Moreover, the Court concludes that a jury could reasonably find that Defendant was obligated to repay Plaintiff's investment, in addition to profits, under the terms of the PSA. Contrary to Defendant's assertion, Plaintiff did request compensatory damages equal to his capital investments in his amended complaint. [Doc. 41 at 25]. By its terms, the PSA consistently refers to the parties' share of profits "after expenses." A reasonable jury could conclude, in light of the evidence presented, that the investment repayment was an expected expense, which the parties intended to be repaid before profits were distributed under the terms of the PSA, and therefore, that Defendant was obligated to repay this amount to Plaintiff. Accordingly, the Court will not disturb the jury's determination, and will DENY Defendant's request for a new trial, or remittitur, on this ground.

2. PSA terminated December 2013

Reiterating their prior argument, Defendant contends that the JVA contained a 3-year term, and thus, terminated on December 17, 2013. [Doc. 266 at 18]. Thus, Defendant contends that, even if he performed the contract as the jury interpreted it, the maximum amount owed to Plaintiff by December 2013 was $808,905. [Id. at 19-20].

Plaintiff responds that this argument does not rely on the terms of the PSA, but rather, the terms of the JVA. [Doc. 294 at 11]. Plaintiff states that, at trial, Defendant testified that the JVA was supplanted by the AISA application, which did not contain a duration clause, so this argument is contrary to Defendant's own evidence. [Id.]. Finally, Plaintiff states that Defendant was able to argue this theory to the jury, but the jury plainly rejected it. [Id. at 12].

Defendant replies that PSA incorporates the JVA, because, on its face, it makes reference to the JVA on two occasions. [Doc. 295 at 4]. Further, Defendant contends that Plaintiff has expressly acknowledged through this litigation that the PSA incorporated the JVA, and should be judicially estopped from denying such now. [Id.]. Defendant thus contends that the entirety of the JVA was incorporated into the PSA, including the duration clause. [Id. at 5].
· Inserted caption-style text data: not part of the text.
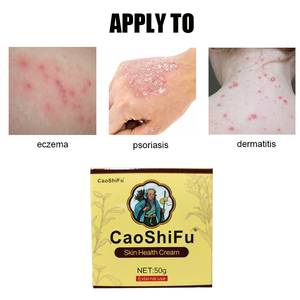 Crema Naturale a Base di Erbe 50g per la Cura della Pelle Dermatite Eczema Anti-prurito Urticaria <span class=keywords><strong>Desquamazione</strong></span> - Product Image 3
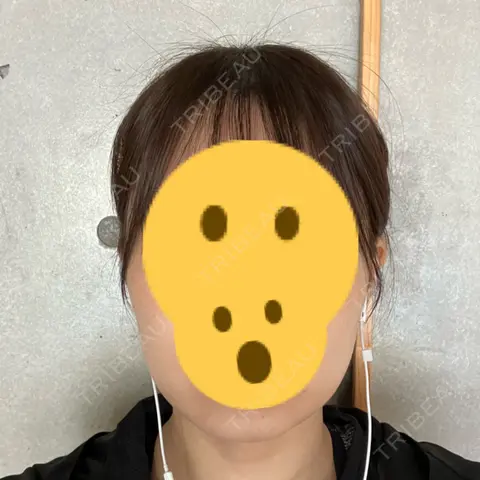 ボトックス（エラ・小顔） KARIS beauty clinic DAY 1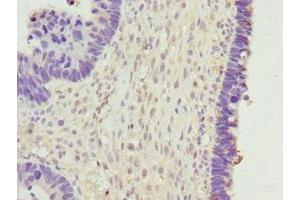 Immunohistochemistry of paraffin-embedded human ovarian cancer using ABIN7145624 at dilution of 1:100 (BPGM 抗体  (AA 1-259))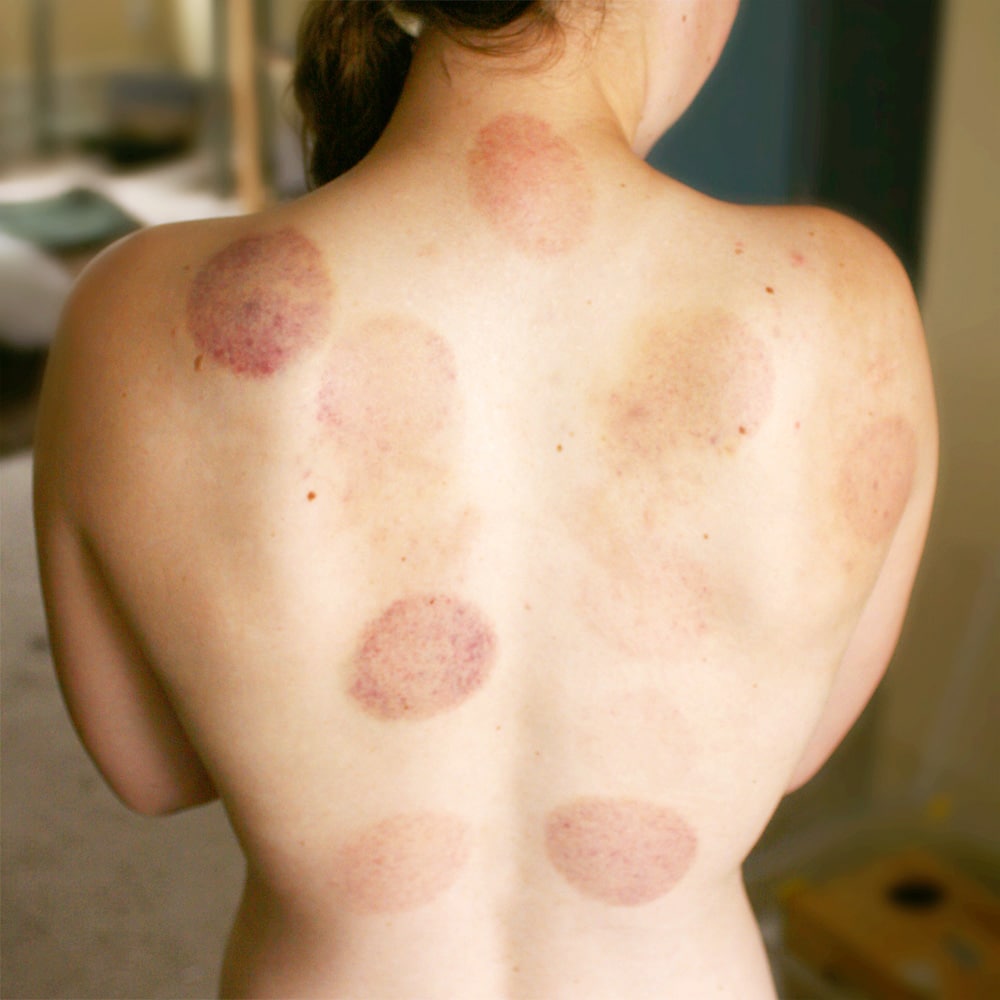 What You Need To Know: Cupping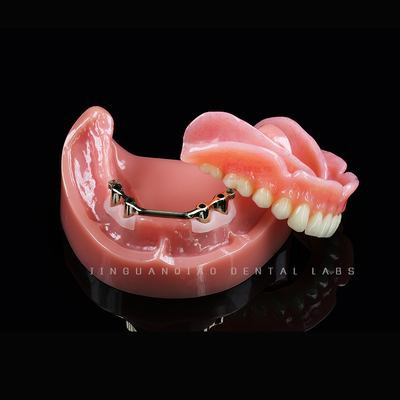 Mua Trung Quốc Phòng thí nghiệm phục hồi vĩnh viễn hoàn chỉnh composite Acrylic răng giả răng CE FDA online manufacture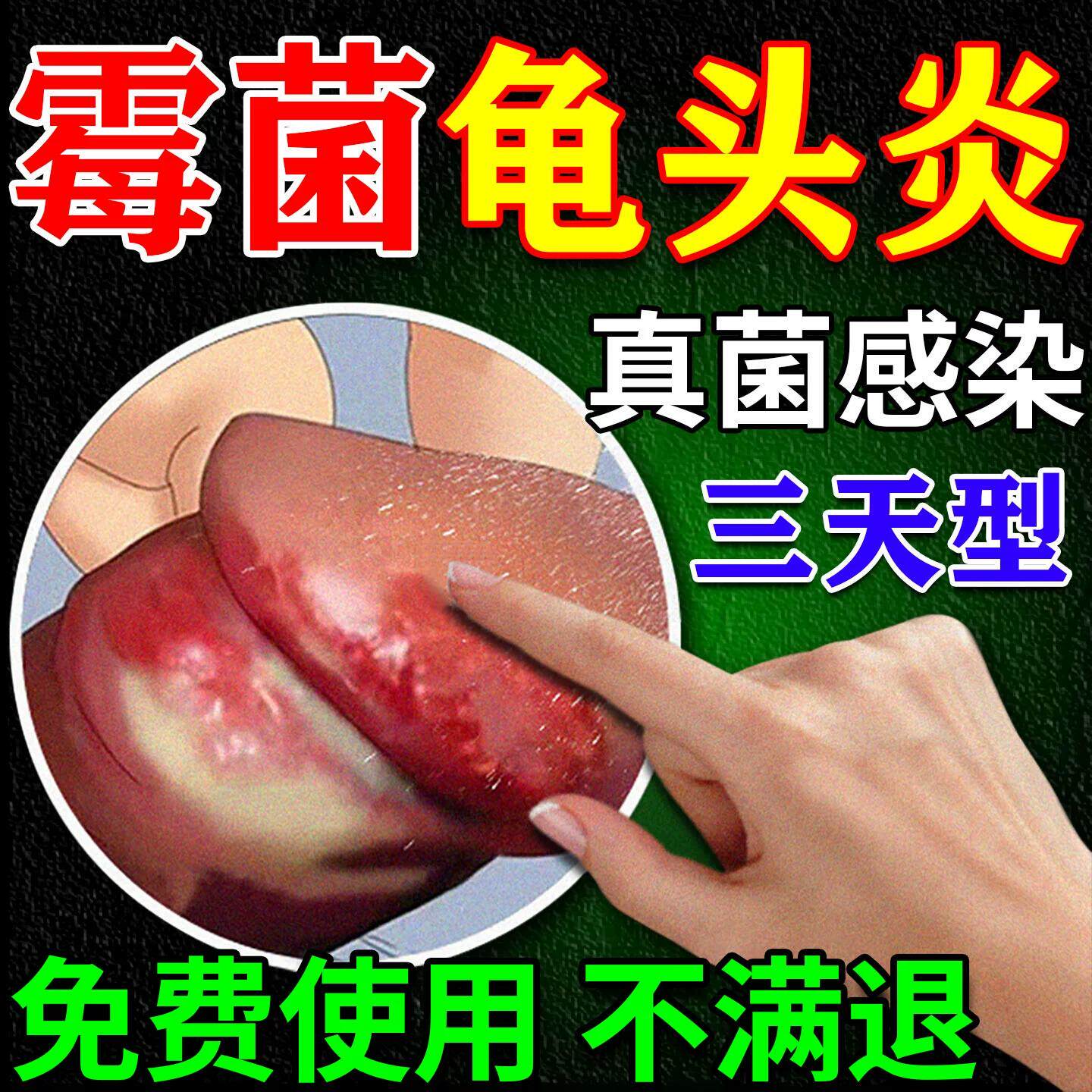 包皮男龟头炎症专用包皮发炎特效珍珠粒疹去除真菌感染夭瘙痒喷剂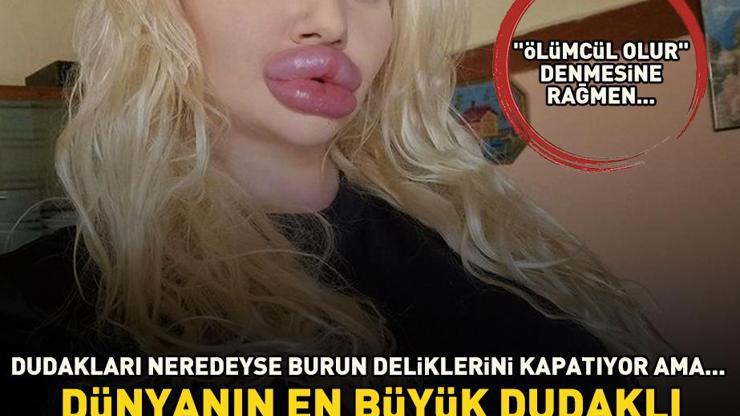 Dünyanın en büyük dudaklı kadını yine şoke etti Doktorlar Daha fazla estetik ameliyat ölümcül olur dedi ama...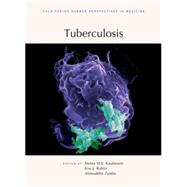 Tuberculosis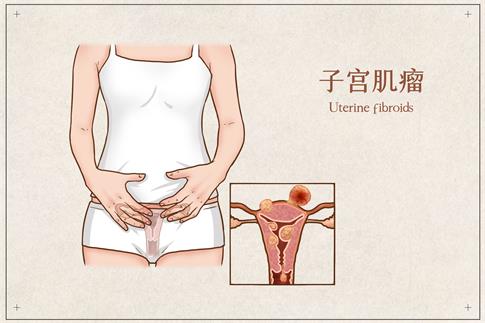 1709511232282588.jpg 攝圖網(wǎng)_401800161_子宮肌瘤醫(yī)療插畫(企業(yè)商用).jpg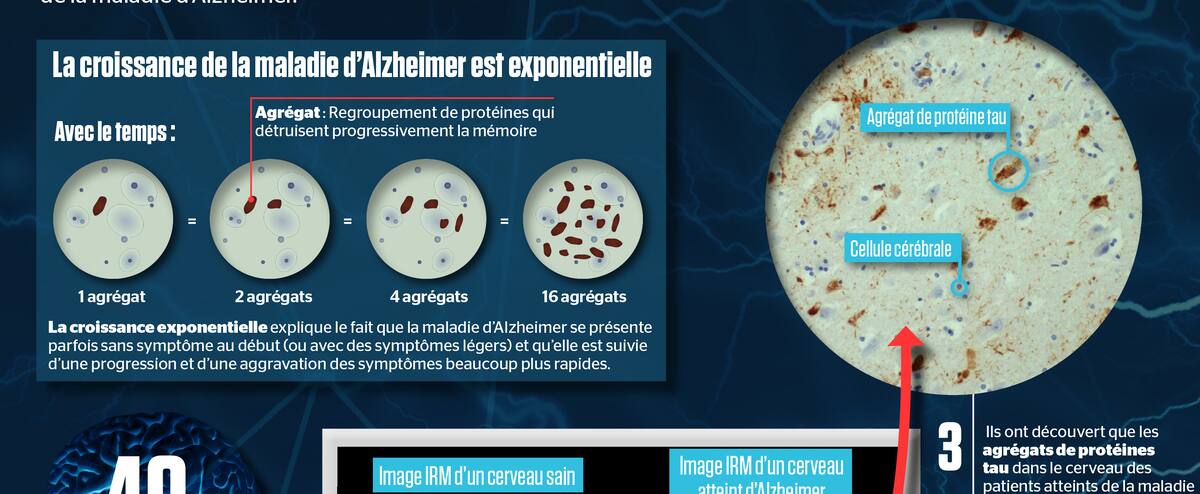 La progression de la maladie mieux comprise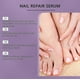thumbnail image 4 of Tea Tree Oil Infused Nail Treatment Softens and Strengthens Brittle Nails While Minimizing Breakage, 4 of 5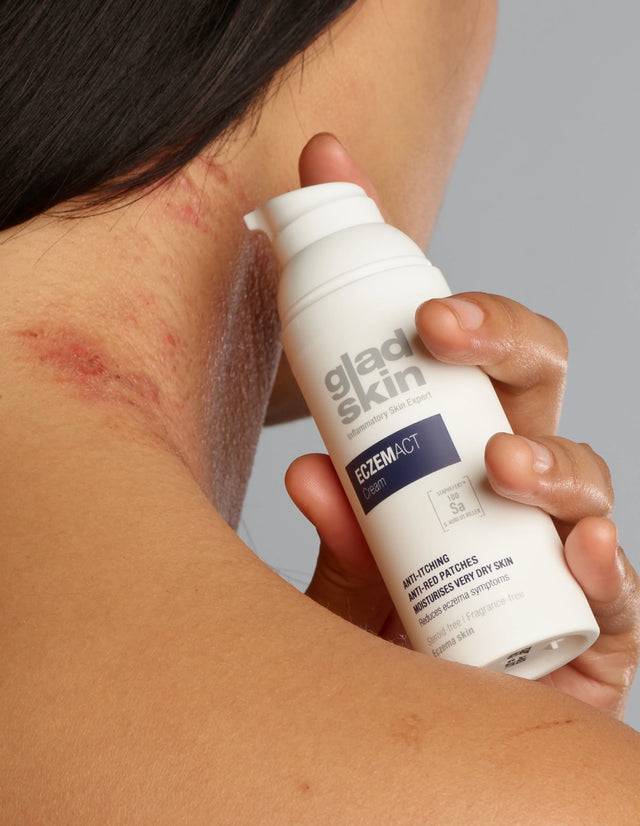 ECZEMACT Cream is a medical device that contains Staphefekt and reduces eczema symptoms in few days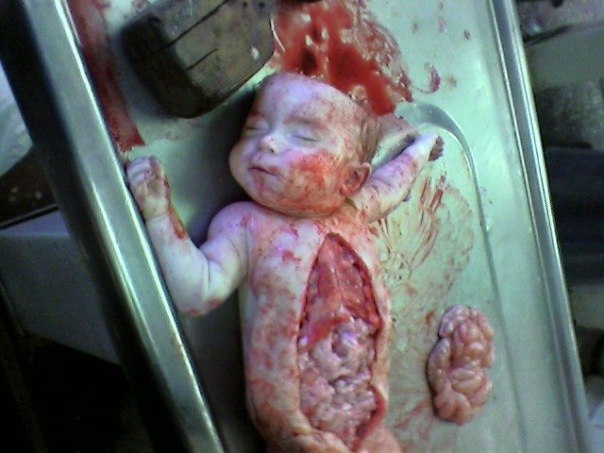 Онотоле Негодуе | Москва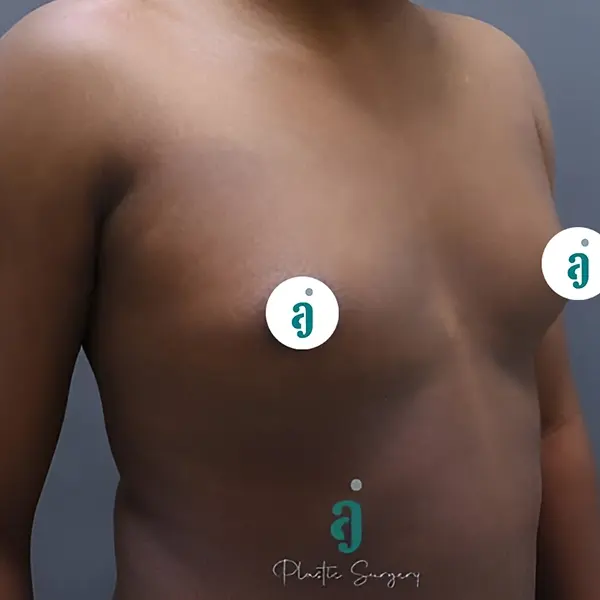 Before gynaecomastia surgery case 02 alternate view at AJ Plastic Surgery Centre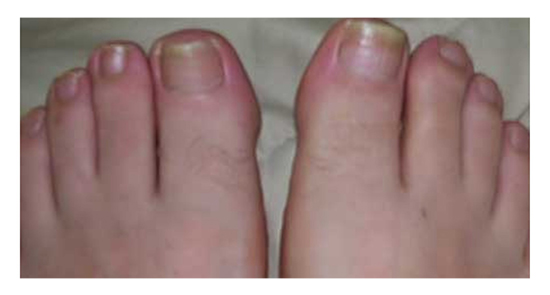 Care Management Options For Toenail Fungus | My FootDr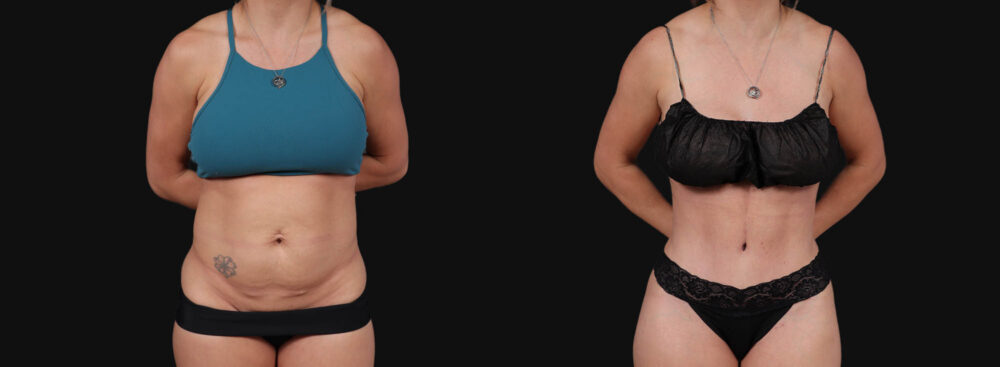 Tummy Tuck case #267125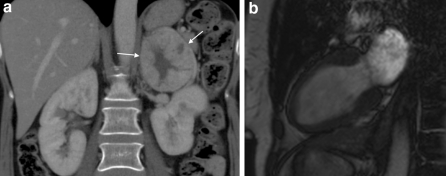 Fig. 5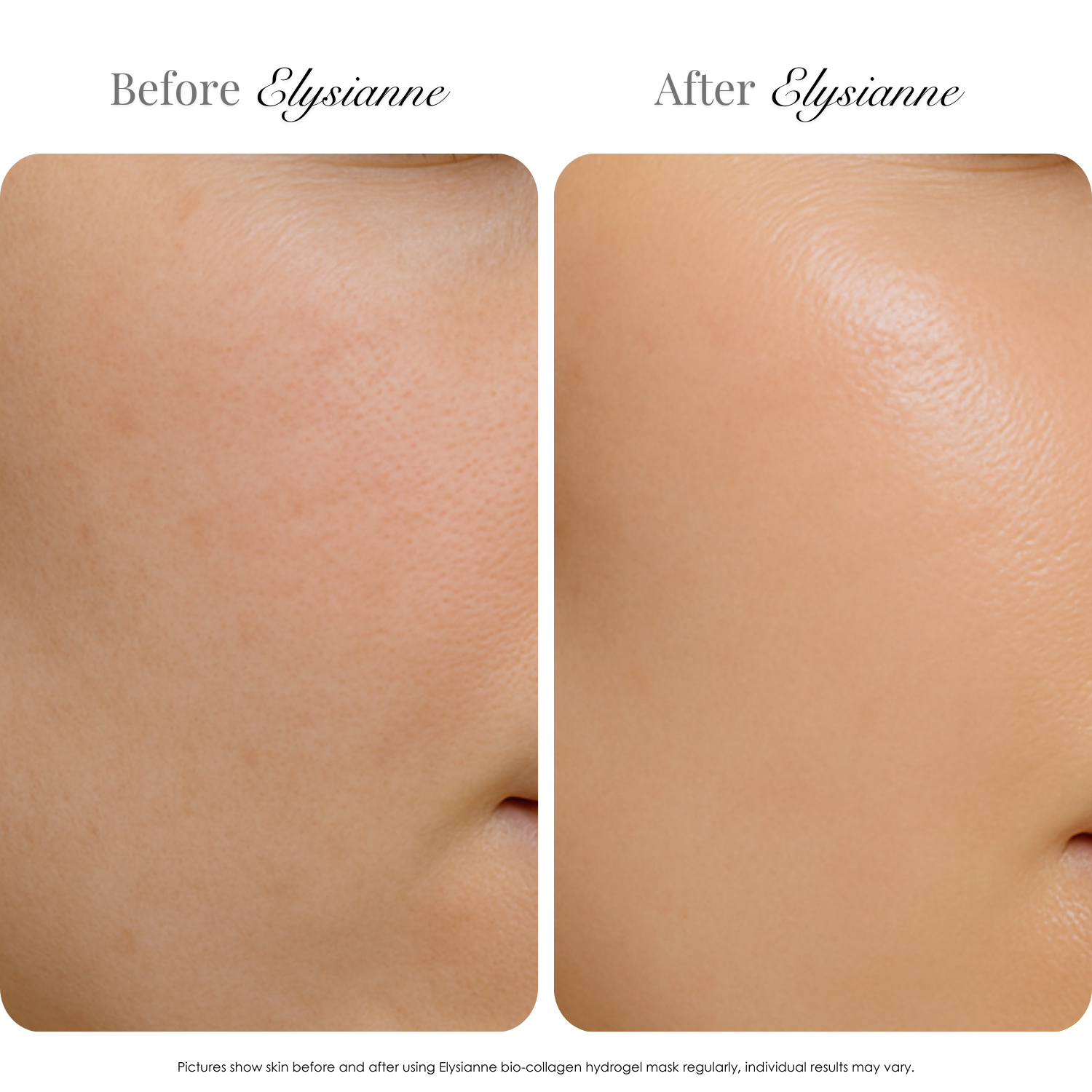 Bio-Collagen Hydrogel Mask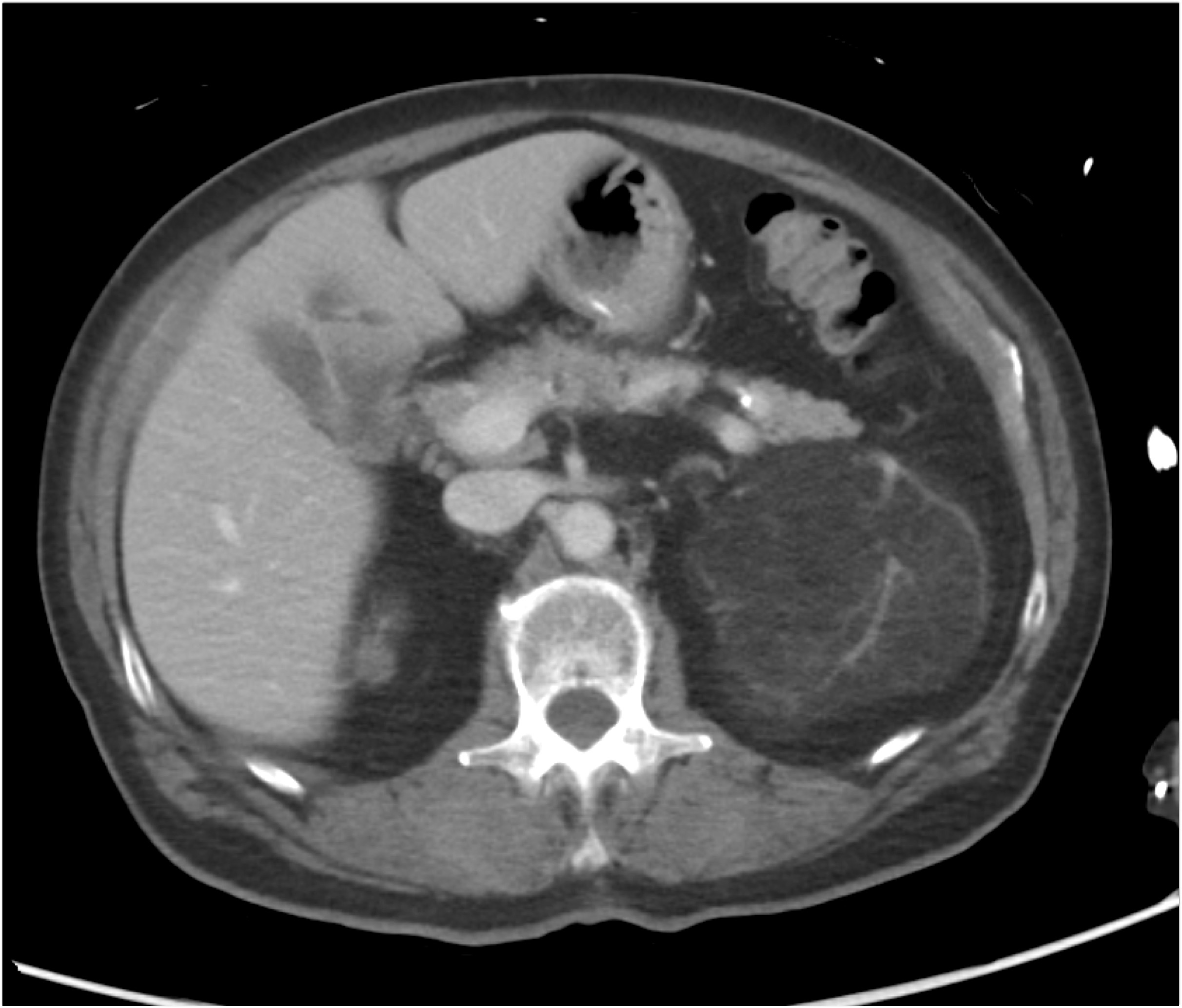 CTisus Quiz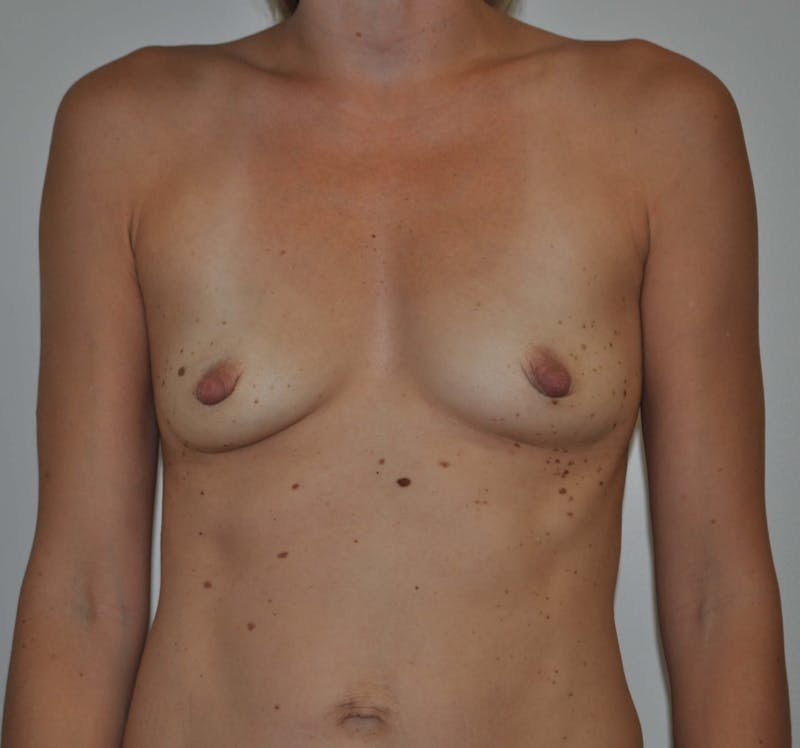 Breast Augmentation Before & After Gallery - Patient 90383354 - Image 1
Defendant raised this argument, and the Court rejected it, at the summary judgment stage. [Doc. 112 at 11]. Specifically, this Court concluded that the language of the PSA was ambiguous as to whether the partnership automatically terminated after three years when a later agreement (the PSA), which did not contain a duration clause, was signed by the parties, and the partnership was never wound up and dissolved as required by the JVA. The Court concluded that, because the contract language was ambiguous, it needed to determine the parties' intent to conclude that the PSA automatically terminated after three years, but found that there was insufficient evidence as to the parties' intent at the summary judgment stage. [Id.].

At trial, Defendant raised this argument, that the PSA terminated in December 2013, to the jury. [Doc. 289 at 36-38]. However, the jury necessarily rejected this argument in finding in Plaintiff's favor, and awarding damages of $33,428,859. There was ample evidence presented at trial to allow a reasonable jury to conclude that the parties did not intend the PSA to terminate in December 2013. For example, neither the finalized PSA, nor the draft PSA created by Defendant, contained any reference to the duration clause contained in the JVA, or any other duration limitation. [PX1; PX30]. Moreover, Defendant testified at trial that the JVA "was not intended to start — to start the business. It was intended to start a relationship. The application for the AISA license is what actually started a business entity[.]" [Doc. 284 at 152]. Nothing in the AISA license obtained by the parties contained any duration clause or limitation. [PX5]. Based on this evidence, a reasonable jury could conclude that the parties did not intend for the JVA's duration clause to apply to the PSA.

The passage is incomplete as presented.